Sunday, September 5, 2010

“I want you to write about a time you got lost.” 
Louise Doughty, A Novel in a Year

I was driving at night without a map around the outskirts of Charlevoix, Michigan. I was looking for the cabin I had rented. It being my first night in the Northern Michigan town, I closely followed my friend’s car to the small lakeside cabin. The following night, I hadn’t written down directions, but figured it would be easy to find. With no streetlights and no major landmarks, I got lost. I had no cell service and I panicked. I turned around several times looking for something that looked familiar. Everything looked familiar. Each turn seemed to be the right one. I ended up back where I had stopped the first time. Finally, cell service bars appeared long enough for me to get directions, then the connection went dead. I found my cabin with a deer waiting in my parking spot.

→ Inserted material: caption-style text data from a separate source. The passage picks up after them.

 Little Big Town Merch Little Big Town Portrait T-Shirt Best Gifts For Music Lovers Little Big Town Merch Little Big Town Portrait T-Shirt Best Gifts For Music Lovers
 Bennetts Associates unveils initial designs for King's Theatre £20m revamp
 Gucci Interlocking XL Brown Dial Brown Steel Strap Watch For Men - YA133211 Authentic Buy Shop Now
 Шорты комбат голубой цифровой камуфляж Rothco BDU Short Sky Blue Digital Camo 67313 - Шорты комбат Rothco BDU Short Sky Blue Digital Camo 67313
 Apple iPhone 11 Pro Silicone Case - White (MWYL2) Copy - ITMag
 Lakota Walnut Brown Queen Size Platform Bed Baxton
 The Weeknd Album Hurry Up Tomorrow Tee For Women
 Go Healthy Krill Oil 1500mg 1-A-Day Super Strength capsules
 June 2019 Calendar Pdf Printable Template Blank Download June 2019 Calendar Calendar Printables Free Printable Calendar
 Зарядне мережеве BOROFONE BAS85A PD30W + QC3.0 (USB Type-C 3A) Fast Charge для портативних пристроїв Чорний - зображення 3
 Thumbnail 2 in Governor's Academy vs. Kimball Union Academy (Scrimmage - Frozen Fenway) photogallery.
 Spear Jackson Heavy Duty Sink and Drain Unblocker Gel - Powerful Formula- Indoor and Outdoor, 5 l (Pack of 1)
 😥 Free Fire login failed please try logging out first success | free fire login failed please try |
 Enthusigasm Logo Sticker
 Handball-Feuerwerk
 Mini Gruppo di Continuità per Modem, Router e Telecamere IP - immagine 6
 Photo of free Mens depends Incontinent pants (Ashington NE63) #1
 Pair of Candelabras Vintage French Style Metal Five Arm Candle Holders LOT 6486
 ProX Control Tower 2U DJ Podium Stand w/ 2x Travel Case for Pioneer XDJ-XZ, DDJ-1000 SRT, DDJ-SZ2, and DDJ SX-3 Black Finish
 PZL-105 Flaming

Saturday, September 4, 2010

“Tell a story, a complete story with an arc, including climax and -conclusion, in 250
words. It can be fiction, or memoir, or a fairy tale, or a mystery.”
Jennifer Traig, Part II The Autobiographer's Handbook

The Easter my sterile cat ran away, I continuously walked around our one square block searching the shrubbery and looking up each tree. After losing my grandmother months earlier, I was a skeptical seven year old convinced I would never see my cat again. I believed if we found my cat, that she would be bald and dead like my grandmother. I never would have thought to look in a barn a mile away where we found her shacked up with a scruffy black male cat.
    This particular childhood cat was a fat-longhaired-lazy tabby that cried when she up a tree, and relied on her humans' to save her. I could not imagine her surviving alone in the wild over the whole Spring Break. Turned out being a renegade house cat shacked up in a barn with a dinghy boy cat is similar to living in a two star hotel with room service. I can only assume she got him to hunt for her; she was not much of a hunter. I am not even sure she liked to kill bugs, maybe paw at them, but never follow thru with murder.    
    My mother sounded shocked when the barn owner called to say she thought our cat was living in their barn. This runaway took place before answering machines, so the fact that she reached my mother to tell us about a vagabond cat squatting in her barn was a miracle by today’s communication standards.              Mom rounded us up; we hopped in the Monte Carlo and headed across two subdivisions to a busy main drag of Saginaw Township. We pulled in their long gravel driveway and left the car running. My cat did not come running; I guess she did not recognize the car engine.   
    One of the farm-kids ran into the dilapidated barn and scooped up our Tabby. She was saved from a vagrant lifestyle hiding out in a wild unincorporated farmstead, dining on fresh kills, and living in sin in an unkempt barn. Purring in the back seat window, she was headed back to perpetual napping on Berber carpet and incessant eating of canned salmon.